Exercise brief:
Would you please output, word for word, the span of the listing below that opens on the line containing "Women's knit sweater" and closes on the line containing "Captain Son Fishing"? Include both ends and nothing more.

Entries shown:
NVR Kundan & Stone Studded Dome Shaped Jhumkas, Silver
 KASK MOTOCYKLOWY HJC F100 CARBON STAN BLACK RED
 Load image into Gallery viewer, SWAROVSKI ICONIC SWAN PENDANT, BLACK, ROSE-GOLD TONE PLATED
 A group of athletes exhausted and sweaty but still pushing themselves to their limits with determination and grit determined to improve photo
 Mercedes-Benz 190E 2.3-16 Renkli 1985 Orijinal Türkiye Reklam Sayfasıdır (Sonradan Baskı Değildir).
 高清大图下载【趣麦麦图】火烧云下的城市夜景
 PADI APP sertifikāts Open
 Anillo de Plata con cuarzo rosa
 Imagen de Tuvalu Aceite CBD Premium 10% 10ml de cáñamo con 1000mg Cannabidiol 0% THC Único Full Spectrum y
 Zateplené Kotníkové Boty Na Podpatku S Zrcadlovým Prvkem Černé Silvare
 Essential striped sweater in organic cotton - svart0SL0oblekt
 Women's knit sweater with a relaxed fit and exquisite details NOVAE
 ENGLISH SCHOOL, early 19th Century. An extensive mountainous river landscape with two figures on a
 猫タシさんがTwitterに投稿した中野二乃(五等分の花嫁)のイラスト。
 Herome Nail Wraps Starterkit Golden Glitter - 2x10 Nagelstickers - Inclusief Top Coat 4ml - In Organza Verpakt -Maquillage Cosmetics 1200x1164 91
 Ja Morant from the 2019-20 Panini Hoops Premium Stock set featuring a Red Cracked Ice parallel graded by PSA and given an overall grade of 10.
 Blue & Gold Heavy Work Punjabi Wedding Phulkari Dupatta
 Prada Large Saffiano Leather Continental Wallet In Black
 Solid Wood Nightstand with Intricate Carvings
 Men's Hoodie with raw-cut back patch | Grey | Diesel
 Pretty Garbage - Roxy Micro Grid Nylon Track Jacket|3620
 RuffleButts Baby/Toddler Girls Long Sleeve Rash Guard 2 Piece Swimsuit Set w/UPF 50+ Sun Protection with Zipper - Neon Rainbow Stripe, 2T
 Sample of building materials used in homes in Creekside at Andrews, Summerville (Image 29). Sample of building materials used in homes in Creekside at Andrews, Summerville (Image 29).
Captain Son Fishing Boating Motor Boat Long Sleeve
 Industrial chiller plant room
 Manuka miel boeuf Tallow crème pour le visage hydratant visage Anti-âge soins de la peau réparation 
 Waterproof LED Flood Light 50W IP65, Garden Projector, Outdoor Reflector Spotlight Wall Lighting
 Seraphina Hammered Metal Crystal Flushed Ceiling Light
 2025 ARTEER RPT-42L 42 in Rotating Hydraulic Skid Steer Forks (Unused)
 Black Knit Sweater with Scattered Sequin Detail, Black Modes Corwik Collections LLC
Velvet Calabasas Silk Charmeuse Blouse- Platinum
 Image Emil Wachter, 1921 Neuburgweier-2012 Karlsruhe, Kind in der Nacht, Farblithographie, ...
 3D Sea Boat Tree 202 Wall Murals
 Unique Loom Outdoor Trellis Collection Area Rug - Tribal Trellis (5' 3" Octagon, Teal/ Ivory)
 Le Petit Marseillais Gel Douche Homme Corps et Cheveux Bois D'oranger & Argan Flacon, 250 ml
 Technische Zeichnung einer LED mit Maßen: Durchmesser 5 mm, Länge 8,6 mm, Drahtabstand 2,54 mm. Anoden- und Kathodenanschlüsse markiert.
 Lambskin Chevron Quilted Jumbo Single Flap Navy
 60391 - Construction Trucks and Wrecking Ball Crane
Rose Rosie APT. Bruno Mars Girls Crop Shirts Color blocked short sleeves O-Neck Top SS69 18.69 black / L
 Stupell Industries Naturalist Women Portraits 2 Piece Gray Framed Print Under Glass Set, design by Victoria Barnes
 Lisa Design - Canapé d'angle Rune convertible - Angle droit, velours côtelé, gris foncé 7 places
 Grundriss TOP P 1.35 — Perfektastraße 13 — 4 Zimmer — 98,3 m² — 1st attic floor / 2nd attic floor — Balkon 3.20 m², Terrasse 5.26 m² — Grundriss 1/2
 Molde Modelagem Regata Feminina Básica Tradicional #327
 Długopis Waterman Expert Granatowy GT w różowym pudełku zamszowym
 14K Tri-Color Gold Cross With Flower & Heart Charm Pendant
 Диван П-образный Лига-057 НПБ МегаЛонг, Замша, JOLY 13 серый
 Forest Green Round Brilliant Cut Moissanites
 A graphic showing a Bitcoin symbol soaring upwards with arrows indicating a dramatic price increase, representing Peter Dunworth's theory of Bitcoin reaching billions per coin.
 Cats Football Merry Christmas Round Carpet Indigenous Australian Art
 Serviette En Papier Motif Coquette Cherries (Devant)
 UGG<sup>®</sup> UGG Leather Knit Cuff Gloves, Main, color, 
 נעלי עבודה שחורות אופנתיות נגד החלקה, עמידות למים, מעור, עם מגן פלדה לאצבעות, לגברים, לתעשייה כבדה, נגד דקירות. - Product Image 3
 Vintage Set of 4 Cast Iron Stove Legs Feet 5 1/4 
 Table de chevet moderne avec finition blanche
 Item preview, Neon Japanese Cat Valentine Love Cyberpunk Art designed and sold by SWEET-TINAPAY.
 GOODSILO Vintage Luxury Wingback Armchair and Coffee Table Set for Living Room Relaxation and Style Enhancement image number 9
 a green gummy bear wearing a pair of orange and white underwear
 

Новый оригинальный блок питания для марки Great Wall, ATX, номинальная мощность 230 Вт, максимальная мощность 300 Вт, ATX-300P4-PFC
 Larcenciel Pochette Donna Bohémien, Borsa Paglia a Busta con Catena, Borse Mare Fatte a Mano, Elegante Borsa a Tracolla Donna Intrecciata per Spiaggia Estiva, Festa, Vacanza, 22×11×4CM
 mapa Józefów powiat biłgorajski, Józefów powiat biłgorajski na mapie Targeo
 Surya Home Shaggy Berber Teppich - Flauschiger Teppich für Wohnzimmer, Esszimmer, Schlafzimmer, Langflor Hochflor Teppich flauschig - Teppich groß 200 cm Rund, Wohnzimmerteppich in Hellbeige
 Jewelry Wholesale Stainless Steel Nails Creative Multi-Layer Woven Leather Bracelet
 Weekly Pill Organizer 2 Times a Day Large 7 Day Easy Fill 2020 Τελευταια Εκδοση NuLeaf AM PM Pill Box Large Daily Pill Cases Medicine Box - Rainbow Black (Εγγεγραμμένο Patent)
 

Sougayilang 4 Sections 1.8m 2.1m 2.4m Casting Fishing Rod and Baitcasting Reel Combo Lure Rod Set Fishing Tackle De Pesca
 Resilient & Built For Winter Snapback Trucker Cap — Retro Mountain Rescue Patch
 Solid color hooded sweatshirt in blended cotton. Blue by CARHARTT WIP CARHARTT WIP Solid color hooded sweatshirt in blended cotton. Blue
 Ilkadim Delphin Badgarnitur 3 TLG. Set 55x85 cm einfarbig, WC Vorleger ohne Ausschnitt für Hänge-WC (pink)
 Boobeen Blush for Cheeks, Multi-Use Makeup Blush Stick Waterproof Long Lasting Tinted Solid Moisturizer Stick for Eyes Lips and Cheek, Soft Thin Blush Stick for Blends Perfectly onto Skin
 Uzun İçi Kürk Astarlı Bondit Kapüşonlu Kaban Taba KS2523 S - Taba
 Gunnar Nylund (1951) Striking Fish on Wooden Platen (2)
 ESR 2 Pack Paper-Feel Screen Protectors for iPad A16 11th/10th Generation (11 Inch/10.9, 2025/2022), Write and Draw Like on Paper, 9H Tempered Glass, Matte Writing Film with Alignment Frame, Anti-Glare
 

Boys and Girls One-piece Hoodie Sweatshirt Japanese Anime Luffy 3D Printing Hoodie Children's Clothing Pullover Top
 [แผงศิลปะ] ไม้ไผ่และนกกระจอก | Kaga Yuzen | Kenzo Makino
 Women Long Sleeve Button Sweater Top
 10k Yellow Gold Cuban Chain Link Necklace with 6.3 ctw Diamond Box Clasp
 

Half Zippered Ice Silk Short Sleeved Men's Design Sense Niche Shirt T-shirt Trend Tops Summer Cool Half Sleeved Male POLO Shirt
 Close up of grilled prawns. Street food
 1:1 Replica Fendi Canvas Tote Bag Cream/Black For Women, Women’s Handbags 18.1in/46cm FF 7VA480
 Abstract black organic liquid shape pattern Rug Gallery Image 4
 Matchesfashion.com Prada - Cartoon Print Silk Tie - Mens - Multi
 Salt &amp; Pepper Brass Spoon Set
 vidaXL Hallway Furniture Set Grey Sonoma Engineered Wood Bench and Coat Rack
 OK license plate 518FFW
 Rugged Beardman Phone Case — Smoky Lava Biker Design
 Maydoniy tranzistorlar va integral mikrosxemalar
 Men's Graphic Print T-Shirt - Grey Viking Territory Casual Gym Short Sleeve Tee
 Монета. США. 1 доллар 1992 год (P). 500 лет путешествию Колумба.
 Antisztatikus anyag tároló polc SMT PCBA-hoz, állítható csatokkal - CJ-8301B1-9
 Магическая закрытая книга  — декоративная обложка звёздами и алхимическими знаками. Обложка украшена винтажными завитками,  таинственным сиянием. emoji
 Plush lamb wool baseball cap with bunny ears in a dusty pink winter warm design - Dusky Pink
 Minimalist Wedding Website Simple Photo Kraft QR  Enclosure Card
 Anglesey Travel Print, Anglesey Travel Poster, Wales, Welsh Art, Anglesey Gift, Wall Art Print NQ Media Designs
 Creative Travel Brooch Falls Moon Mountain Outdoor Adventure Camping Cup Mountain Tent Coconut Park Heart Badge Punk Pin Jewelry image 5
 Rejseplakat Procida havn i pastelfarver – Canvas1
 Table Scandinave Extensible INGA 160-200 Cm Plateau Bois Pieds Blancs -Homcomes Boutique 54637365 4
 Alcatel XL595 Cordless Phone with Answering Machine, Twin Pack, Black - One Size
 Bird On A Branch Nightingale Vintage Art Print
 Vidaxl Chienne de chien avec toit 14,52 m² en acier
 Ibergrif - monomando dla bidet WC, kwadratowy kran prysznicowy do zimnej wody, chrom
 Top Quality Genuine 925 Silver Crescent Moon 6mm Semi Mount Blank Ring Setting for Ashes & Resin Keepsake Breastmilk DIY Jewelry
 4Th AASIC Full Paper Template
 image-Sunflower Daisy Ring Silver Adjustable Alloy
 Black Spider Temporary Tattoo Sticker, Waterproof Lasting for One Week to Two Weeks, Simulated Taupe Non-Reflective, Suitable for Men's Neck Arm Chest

Reply to the exercise:
 Women's knit sweater with a relaxed fit and exquisite details NOVAE
 ENGLISH SCHOOL, early 19th Century. An extensive mountainous river landscape with two figures on a
 猫タシさんがTwitterに投稿した中野二乃(五等分の花嫁)のイラスト。
 Herome Nail Wraps Starterkit Golden Glitter - 2x10 Nagelstickers - Inclusief Top Coat 4ml - In Organza Verpakt -Maquillage Cosmetics 1200x1164 91
 Ja Morant from the 2019-20 Panini Hoops Premium Stock set featuring a Red Cracked Ice parallel graded by PSA and given an overall grade of 10.
 Blue & Gold Heavy Work Punjabi Wedding Phulkari Dupatta
 Prada Large Saffiano Leather Continental Wallet In Black
 Solid Wood Nightstand with Intricate Carvings
 Men's Hoodie with raw-cut back patch | Grey | Diesel
 Pretty Garbage - Roxy Micro Grid Nylon Track Jacket|3620
 RuffleButts Baby/Toddler Girls Long Sleeve Rash Guard 2 Piece Swimsuit Set w/UPF 50+ Sun Protection with Zipper - Neon Rainbow Stripe, 2T
 Sample of building materials used in homes in Creekside at Andrews, Summerville (Image 29). Sample of building materials used in homes in Creekside at Andrews, Summerville (Image 29).
Captain Son Fishing Boating Motor Boat Long Sleeve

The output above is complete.